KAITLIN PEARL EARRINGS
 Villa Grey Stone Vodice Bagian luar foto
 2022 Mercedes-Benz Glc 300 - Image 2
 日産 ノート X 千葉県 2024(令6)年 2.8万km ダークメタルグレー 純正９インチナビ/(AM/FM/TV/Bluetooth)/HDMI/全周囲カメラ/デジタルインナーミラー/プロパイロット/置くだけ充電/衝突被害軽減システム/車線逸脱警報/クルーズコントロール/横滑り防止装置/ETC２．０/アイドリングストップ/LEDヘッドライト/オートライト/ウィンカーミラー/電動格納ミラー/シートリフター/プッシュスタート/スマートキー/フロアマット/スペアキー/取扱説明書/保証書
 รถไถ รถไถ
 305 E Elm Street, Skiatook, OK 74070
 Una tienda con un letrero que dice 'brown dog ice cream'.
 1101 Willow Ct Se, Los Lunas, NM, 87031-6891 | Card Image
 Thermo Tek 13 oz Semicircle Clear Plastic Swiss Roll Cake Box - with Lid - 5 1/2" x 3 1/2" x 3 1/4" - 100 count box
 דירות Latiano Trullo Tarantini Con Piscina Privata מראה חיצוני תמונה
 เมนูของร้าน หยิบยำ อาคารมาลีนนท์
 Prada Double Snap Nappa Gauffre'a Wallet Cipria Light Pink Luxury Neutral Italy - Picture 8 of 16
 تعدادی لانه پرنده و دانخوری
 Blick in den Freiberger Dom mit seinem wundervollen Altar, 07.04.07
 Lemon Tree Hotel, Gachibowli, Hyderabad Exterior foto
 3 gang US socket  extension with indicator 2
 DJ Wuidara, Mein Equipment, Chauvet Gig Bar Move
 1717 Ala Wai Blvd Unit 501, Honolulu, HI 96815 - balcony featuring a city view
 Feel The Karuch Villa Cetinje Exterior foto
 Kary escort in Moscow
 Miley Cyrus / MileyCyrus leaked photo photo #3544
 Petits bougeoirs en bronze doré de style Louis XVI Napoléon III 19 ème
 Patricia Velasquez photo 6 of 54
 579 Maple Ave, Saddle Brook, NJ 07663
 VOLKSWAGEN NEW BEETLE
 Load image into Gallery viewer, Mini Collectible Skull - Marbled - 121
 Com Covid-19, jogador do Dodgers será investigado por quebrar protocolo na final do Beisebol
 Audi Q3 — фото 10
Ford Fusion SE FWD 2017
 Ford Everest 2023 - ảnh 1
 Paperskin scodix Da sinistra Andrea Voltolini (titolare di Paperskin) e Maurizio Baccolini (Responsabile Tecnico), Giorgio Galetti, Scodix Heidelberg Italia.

_What is being asked_. Each entry is to be retyped exactly as it appears.

_Response to the task_.
KAITLIN PEARL EARRINGS
 Villa Grey Stone Vodice Bagian luar foto
 2022 Mercedes-Benz Glc 300 - Image 2
 日産 ノート X 千葉県 2024(令6)年 2.8万km ダークメタルグレー 純正９インチナビ/(AM/FM/TV/Bluetooth)/HDMI/全周囲カメラ/デジタルインナーミラー/プロパイロット/置くだけ充電/衝突被害軽減システム/車線逸脱警報/クルーズコントロール/横滑り防止装置/ETC２．０/アイドリングストップ/LEDヘッドライト/オートライト/ウィンカーミラー/電動格納ミラー/シートリフター/プッシュスタート/スマートキー/フロアマット/スペアキー/取扱説明書/保証書
 รถไถ รถไถ
 305 E Elm Street, Skiatook, OK 74070
 Una tienda con un letrero que dice 'brown dog ice cream'.
 1101 Willow Ct Se, Los Lunas, NM, 87031-6891 | Card Image
 Thermo Tek 13 oz Semicircle Clear Plastic Swiss Roll Cake Box - with Lid - 5 1/2" x 3 1/2" x 3 1/4" - 100 count box
 דירות Latiano Trullo Tarantini Con Piscina Privata מראה חיצוני תמונה
 เมนูของร้าน หยิบยำ อาคารมาลีนนท์
 Prada Double Snap Nappa Gauffre'a Wallet Cipria Light Pink Luxury Neutral Italy - Picture 8 of 16
 تعدادی لانه پرنده و دانخوری
 Blick in den Freiberger Dom mit seinem wundervollen Altar, 07.04.07
 Lemon Tree Hotel, Gachibowli, Hyderabad Exterior foto
 3 gang US socket  extension with indicator 2
 DJ Wuidara, Mein Equipment, Chauvet Gig Bar Move
 1717 Ala Wai Blvd Unit 501, Honolulu, HI 96815 - balcony featuring a city view
 Feel The Karuch Villa Cetinje Exterior foto
 Kary escort in Moscow
 Miley Cyrus / MileyCyrus leaked photo photo #3544
 Petits bougeoirs en bronze doré de style Louis XVI Napoléon III 19 ème
 Patricia Velasquez photo 6 of 54
 579 Maple Ave, Saddle Brook, NJ 07663
 VOLKSWAGEN NEW BEETLE
 Load image into Gallery viewer, Mini Collectible Skull - Marbled - 121
 Com Covid-19, jogador do Dodgers será investigado por quebrar protocolo na final do Beisebol
 Audi Q3 — фото 10
Ford Fusion SE FWD 2017
 Ford Everest 2023 - ảnh 1
 Paperskin scodix Da sinistra Andrea Voltolini (titolare di Paperskin) e Maurizio Baccolini (Responsabile Tecnico), Giorgio Galetti, Scodix Heidelberg Italia.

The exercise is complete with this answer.